Wednesday, February 14, 2007

An Inconvenient Truth

American politics is a strange business, as those fortunate enough to catch 'The Daily Show' on a regular basis will attest to all too readily. Although the contentious U.S. presidential election of 2000 may have affirmed this to a global audience, surely no-one can have felt the effect of this 'democratic' process more keenly than the man on the losing side of the result, Al Gore. Now, put aside pregnant chads, political preferences and opinions of Dubya for a moment. On a basic human level, that's got to hurt. To finish in second place in a political process does not often elicit rewards, but to end up the loser in such a manner, that's going to have a profound effect on your worldview.

An Inconvenient Truth is part environmental lecture, and partly a biographical account of Al Gore's life: the man who was 'once the next president of the United States'. The intention of the biographical elements is to weave together the evolution of the man with the evolution of his mission to deliver this message both before and after that electoral defeat in 2000.

For me, at least, this device works. Gore narrates, describing certain pivotal moments in his life and how they affected him, including his time spent working on his father's tobacco farm as a youngster. These accounts climax with un-narrated press coverage of the 2000 election, and when the narration subsequently resumes, Gore simply describes what he did next. The objective is to reinforce his motivation to travel the world and deliver this 'slideshow' (as he calls it).

When he mentions the fact that he has delivered the presentation over a thousand times, and retraces his movements across the globe, the film is at it's most convincing, and all these moments take place outside the context of the presentation proper. Gore's intention is quite simple: if American citizens - constituents - have the environmental issue on the tip of their tongues, then aspiring politicians will have to react, and tackle the issue. By continually delivering the message to people and convincing one small group at a time, perhaps public opinion on the matter will gradually change. The film itself is just an extension of that, a medium capable of delivering the same presentation in many locations and to many audiences simultaneously, without Gore's physical presence being required.

As to the presentation itself, it is almost completely apolitical, with a tone more akin to a scientific presentation, interspersed with occasional moments of light relief, such as a Matt Groening cartoon. Gore presents research from scientists working in all corners of the globe, reinforcing and giving meaning to the phrase 'global warming' in such a way that the audience remembers why this is actually a pretty serious problem. The message builds slowly to a crescendo, and is extremely well-honed and polished.
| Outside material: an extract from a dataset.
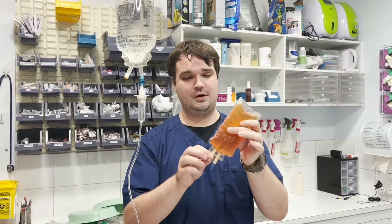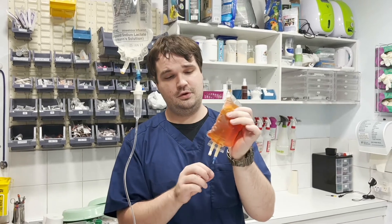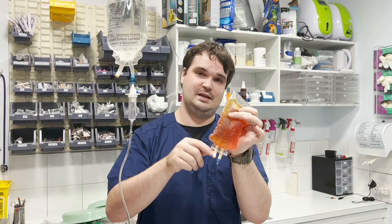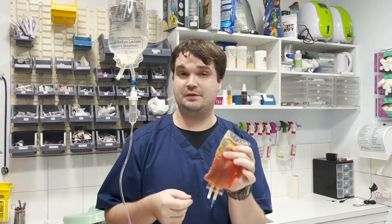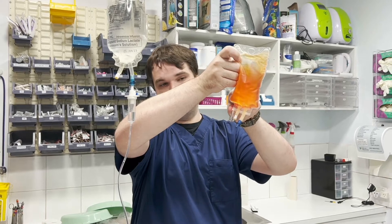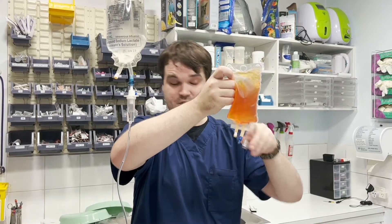Something I didn't include in the previous video about making up the Marek's vaccination was that when pump-injecting into these bags, the medication can just sit in the little hub down here — especially if it's a small vial. And if you haven't got the correct concentration in the bag, then you most likely won't get the desired outcome, be it a vaccination or a constant rate infusion that has opioids in it.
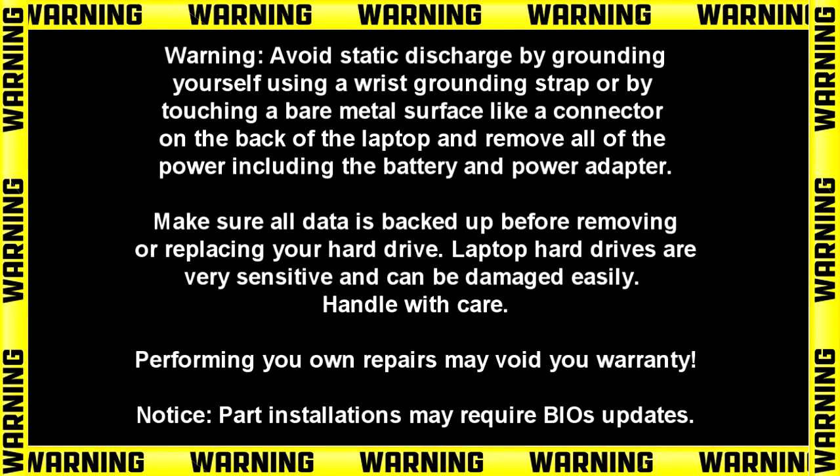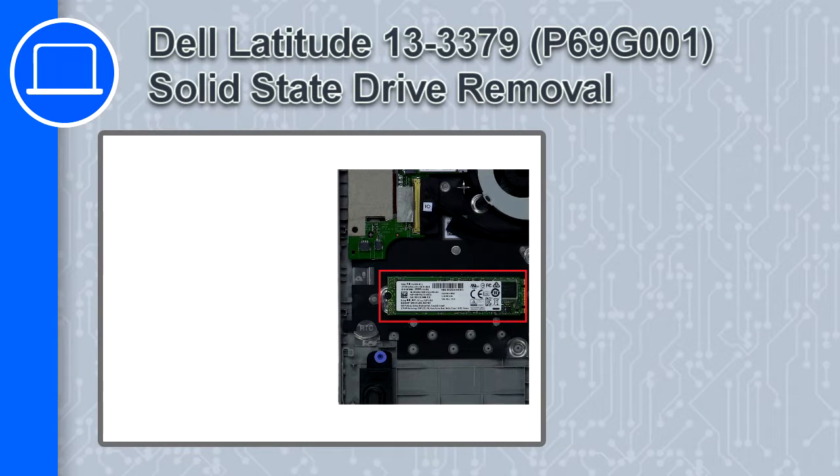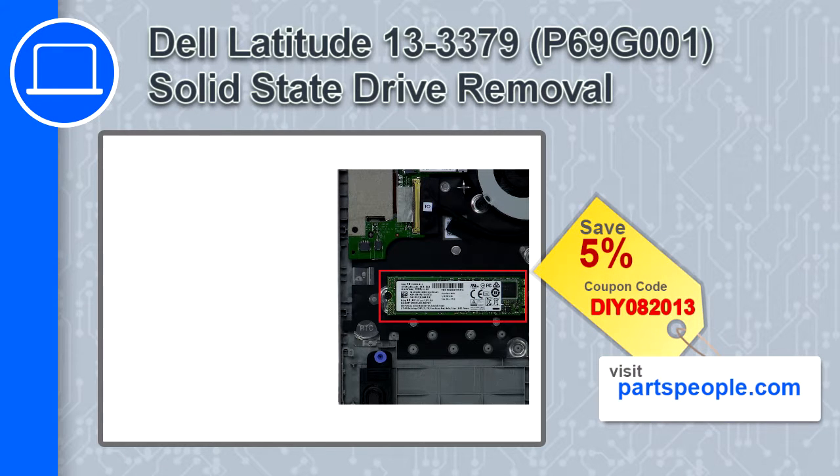Hey, how's it going? This is Ricardo, and in this video I'll show you how to remove the solid-state drive from a Dell Latitude 13 version 3379. If you're looking for parts for this laptop, go to our website and use this coupon for a 5% off discount.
At times it is revelatory and even shocking, but it is not entirely pessimistic. The message we are left with is that, sure, things are bad at the moment, and, ok, they're getting worse right now, but we have the means at our disposal to solve the problem. The only thing that is lacking - in the United States at least - is political will.

In political terms once again, I can only speculate as to how a die-hard Republican would react to 'An Inconvenient Truth', but as Al Gore presented his slideshow principally in universities on his transamerican whistle-stop tour, I can only wonder if he was primarily 'preaching to the converted'. A Republican counter-argument to this movie could be that Gore is simply promoting himself.. why else does a movie about global warming contain auto-biographical segments? Isn't he just a politician cynically trying to gain a platform for re-election?
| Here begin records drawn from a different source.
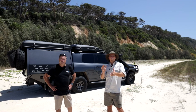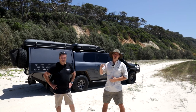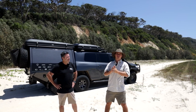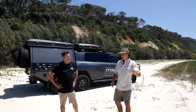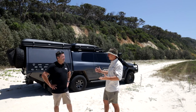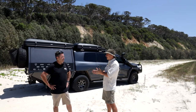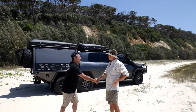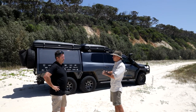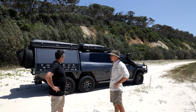G'day everyone, welcome back to another episode of Explore Rigs. This one is extremely exciting — if you tuned in last week you would have seen the very first ever Chop 200 6x6, and now we've got probably one of the latest Chop 6x6s. This thing's a little bit different — we are here with Shane from MSA. This is one of a kind, this has never been done before and it hasn't been copied yet either.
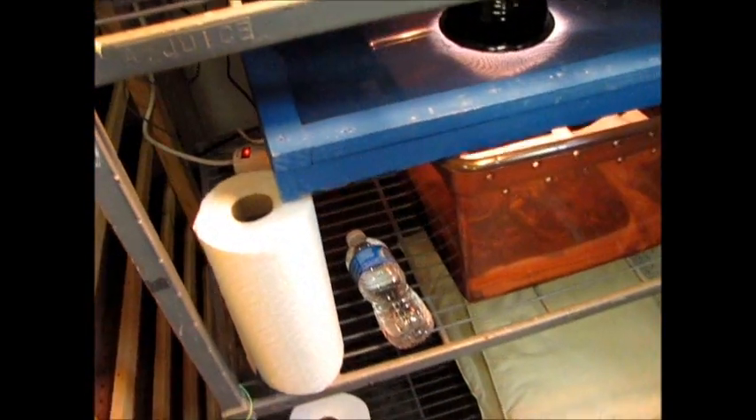They all just went through their first shed, except for this little guy up here who's still just about to, pretty sure. But yeah, here are them all after their very first shed.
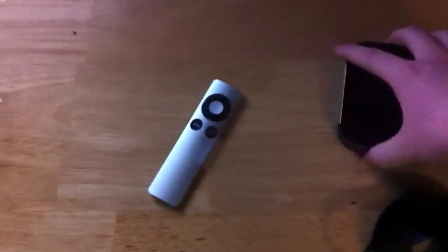We gotta smell the Apple box — that's a requirement. Just kidding! Anyway guys, this is just a quick unboxing of the new Apple TV. I'll have a review video up shortly with my thoughts on it.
In all honesty, I don't believe this to be true. The biographical sections work in tandem with the 'green' message, and reinforce the slideshow's salient points. We don't get to know Al Gore's politics any better through the movie, we just gain a deeper understanding of how convinced he is that he is absolutely right on this environmental issue. His presentation is based on facts, but the autobiographical sections commingle with the scientific details to convince you that this man believes what he is saying. This is ultimately where the movie gains added resonance and credibility.

For me, the message of the slideshow is well delivered. Al Gore is not exactly the gregarious extrovert, but his delivery is coolly efficient. Also, the global warming message isn't new, but 'An Inconvenient Truth' succeeds in startling the audience into understanding the real urgency of tackling the problem on a global scale. It might be an old news topic, but the evidence Gore presents is recent, and hits alarmingly close to home at times.
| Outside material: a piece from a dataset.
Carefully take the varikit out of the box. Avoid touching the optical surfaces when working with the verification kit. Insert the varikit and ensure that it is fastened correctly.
But, lets get back to basics here: as a piece of movie entertainment, how does it hold up? Well, if we judge it as a documentary, then it holds up very well, but 'Bad Boys II' it certainly ain't. (Thank jabus for that - Ed). In all honesty, you could do a lot worse than renting 'An Inconvenient Truth'. It may surprise you, it was certainly a lot better than I expected it to be.

The verdict: Packed with Gore, and shocking in parts, but a very strong message, well-delivered. Better than PCMR thought it was going to be.